As merry a Christmas as we can make it
Well, Christmas in lockdown is looming and there's nothing we can do about it. I hope that whatever the year has brought you, there was some joy. For me I found the most joy in the last month, December. November I was shortlisted for the Hedgehog Poetry Dialect pamphlet competition, which was bittersweet to say the least. The months previous I had various poetry successes. But December brought me not only acceptances for the coming year, and published poems a plenty, but the chance to share pages in journals with my own daughter - in fact in one publication she actually beat me with three poems to my two! And I have never been prouder, or happier. I have no desire to push her into writing this young (she's only nine, ten in a few days time, eek!) but I do want her to know that writing is a valid, worthwhile occupation. Something I wish I'd known when I was at school. I think she knows it now, :)
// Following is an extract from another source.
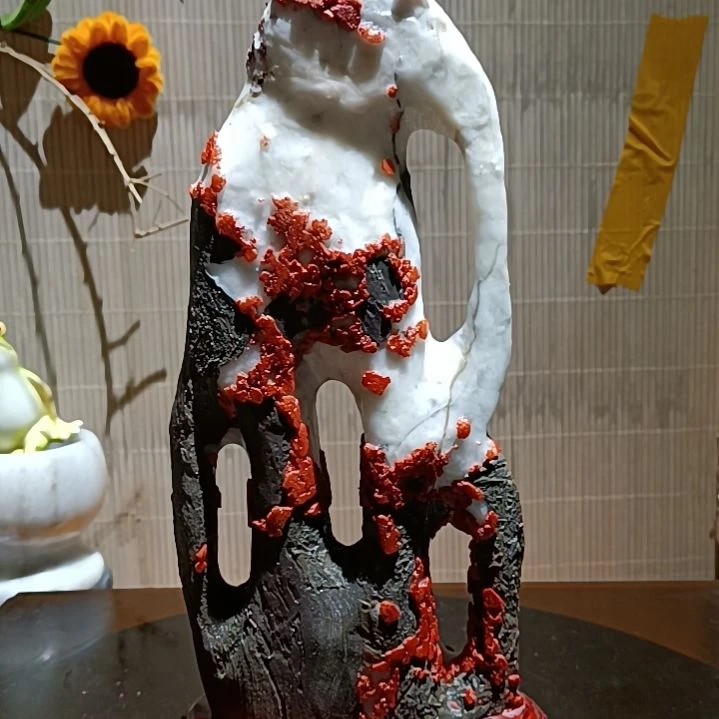 灵璧石灵璧石灵璧石灵璧石灵璧石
This poem was first published in Sarasvati, and it's for my little one - born on the solstice.
Tamar’s Poem
Born on the morning of the Death of the Day,
we spent the longest night, milk-scented, body-close,
and when the weak New Sun was delivered in the last hours
of that Long Night, we blinked our sleepless eyes,
unwrapped a new world - the first to see it, you
cannot remember it; I will never forget it.
Greg Freeman
Thu 17th Dec 2020 19:08
Congratulations on your successes, Maxine, and thanks for letting us know about them ... and about your daughter's, too. Wishing you both more good luck in the future.